Dipendenza energetica, Unione Europea e Russia
Il Nord Stream e il Nord Stream 2 (Fonte immagine Gazprom)

Dal canto suo, Putin ha deciso di eliminare altri inconvenienti, come quello di dover dipendere dagli umori – e dalle controversie – degli stati dell’Europa Orientale. Infatti, oltre a pagare i diritti di transito alle nazioni interessate, il presidente russo si trova periodicamente ad affrontare delle crisi, grandi e piccole, con i Paesi di confine. Diminuire il loro potere contrattuale è importante. Per questo motivo si rende necessario un corridoio come il Nord Stream che, attraversando il Baltico, arriva direttamente sulle coste del nord-est della Germania. Così facendo si diminuiranno i costi economici e, soprattutto, il potenziale di ricatto dei Paesi dell’Est.

Un punto di forza che sicuramente non può passare inosservato e che sta spingendo maggiormente i russi a giocare questa partita con il gas è sicuramente il contratto di fornitura. Gazprom privilegia i contratti di lungo periodo, i quali stabiliscono quantità, prezzi e tempi delle forniture fino a 25 anni, e che quindi danno a Mosca certezze sulle entrate. Negli ultimi anni, tuttavia, gli europei hanno preferito il “mercato a pronti” (spot market), con contratti di consegna a breve scadenza.

Nel 2018, il colosso petrolifero russo ha creato una piattaforma di vendita elettronica per integrare le forniture previste dai contratti a breve termine. Lo scorso agosto, Gazprom ha deciso di sospendere le vendite di gas in consegna nel 2022. Così facendo la società può affermare, in poche parole, di rispettare le scadenze stabilite dai contratti senza incorrere in alcuna sanzione, pur non rispondendo positivamente alle richieste di volumi aggiuntivi (non previste dai “contratti base”).

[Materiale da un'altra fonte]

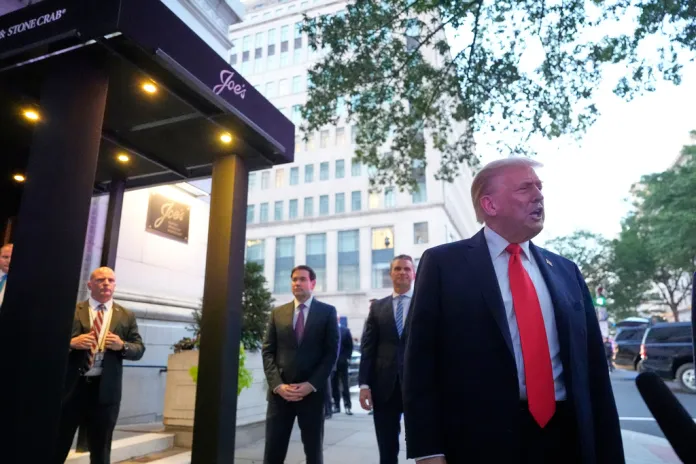 President Donald Trump speaks to reporters before he enters a restaurant near the White House, Tuesday, Sept. 9, 2025, in Washington, to have dinner with Secretary of State Marco Rubio, Defense Secretary Pete Hegseth, and Vice President JD Vance.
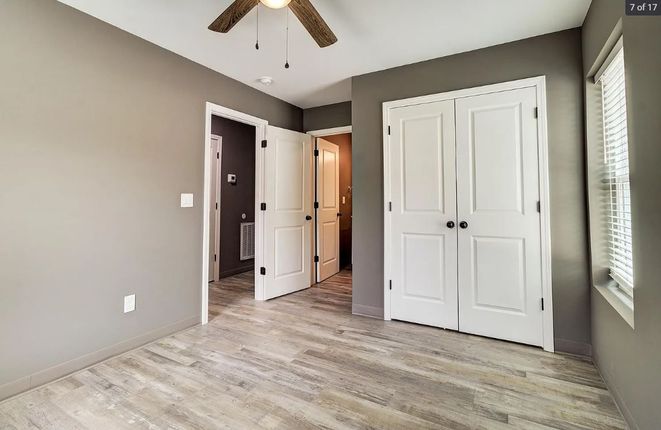 A bedroom with a ceiling fan and a closet.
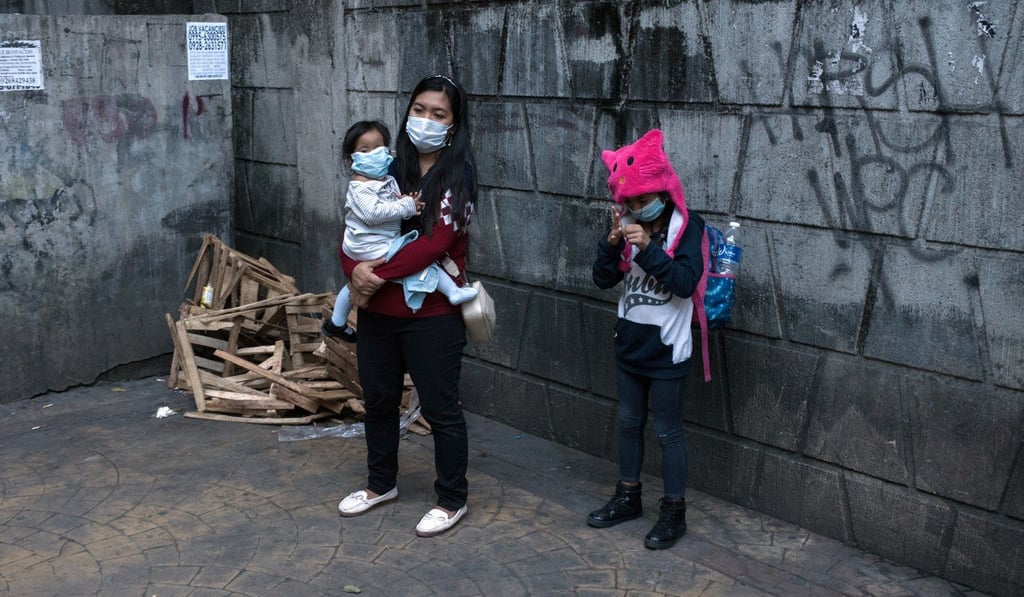 People wearing protective face masks stand on a pavement in Manila. Photo: Bloomberg People wearing protective face masks stand on a pavement in Manila. Photo: Bloomberg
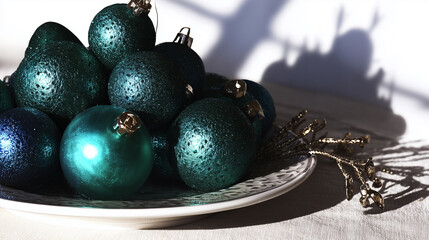 Christmas ornaments on a plate in sunlight creating festive shadows for concept of holiday decor and winter celebration
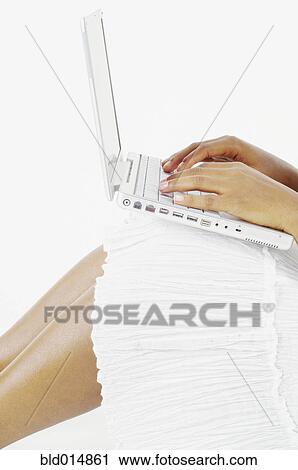 Mid section of woman balancing laptop on knees and typing View Large Photo Image Stock Image - Mid section of woman balancing laptop on knees and typing. Fotosearch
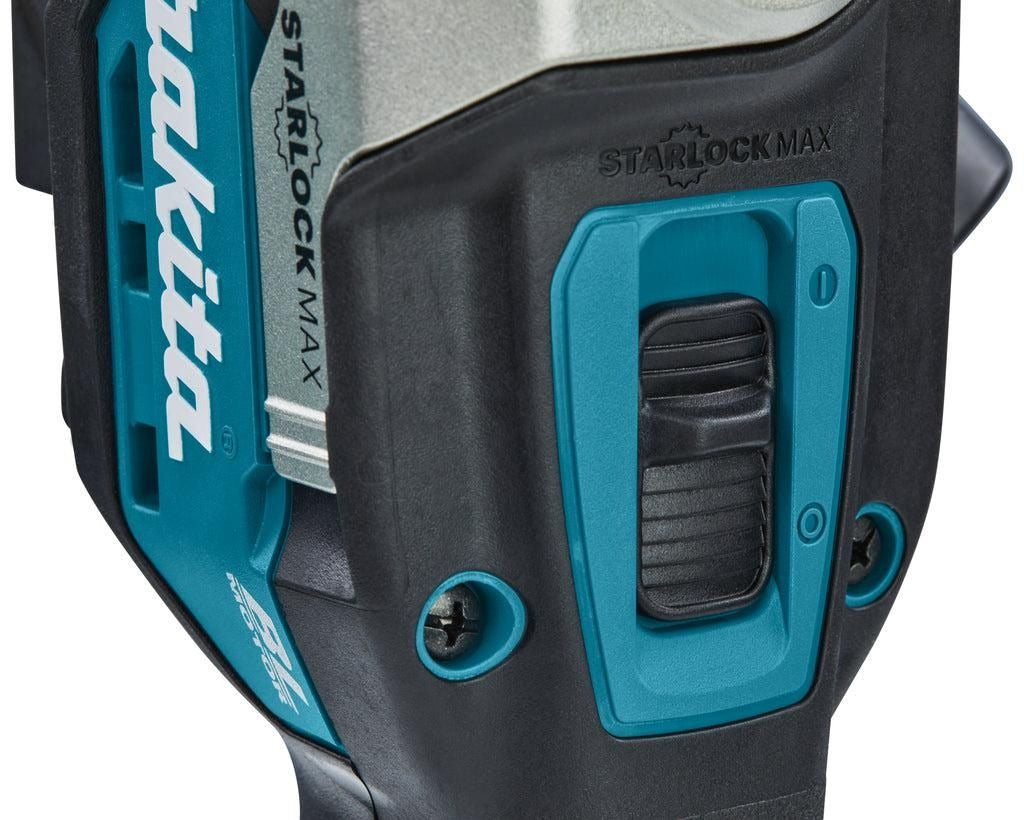 Close-up of a teal and black Makita power tool body with a Starlock Max label and black power switch.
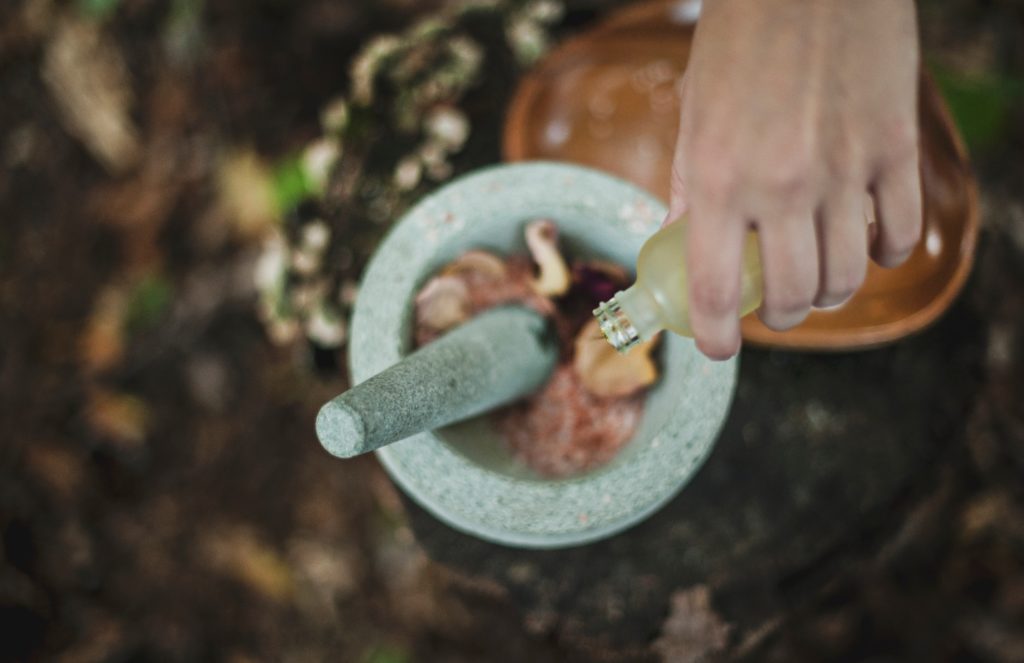 mixing herbs and oils with mortar and pestle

Alle difficoltà europee, ovviamente si accodano anche quelle italiane. L’Italia si trova costretta ad importare dall’estero oltre tre quarti del suo fabbisogno energetico, pari a 124,7 milioni di tonnellate equivalenti di petrolio nel 2013. Nel 2018, l’Italia superò la Turchia per la quantità di materie prime acquistate dal colosso russo Gazprom. Circa il 47% del gas acquistato dal Belpaese proviene da Mosca. Una situazione tutt’altro che idilliaca, nonostante il TAP, e che rende l’Italia uno dei maggiori importatori netti di energia d’Europa.

La dipendenza energetica rappresenta un grande problema per un continente sempre più affamato di energia e che sul futuro non ha assolutamente le idee chiare. La recente querelle sulla Tassonomia Europea ne è, forse, l’esempio più lampante. L’assenza di una strategia credibile e di lungo termine sulla questione energetica non farà altro che accrescere il potere contrattuale di Paesi ricchi di combustibili fossili ma politicamente inaffidabili. Una condizione che costringe l’UE a vivere in un limbo di perdurante instabilità.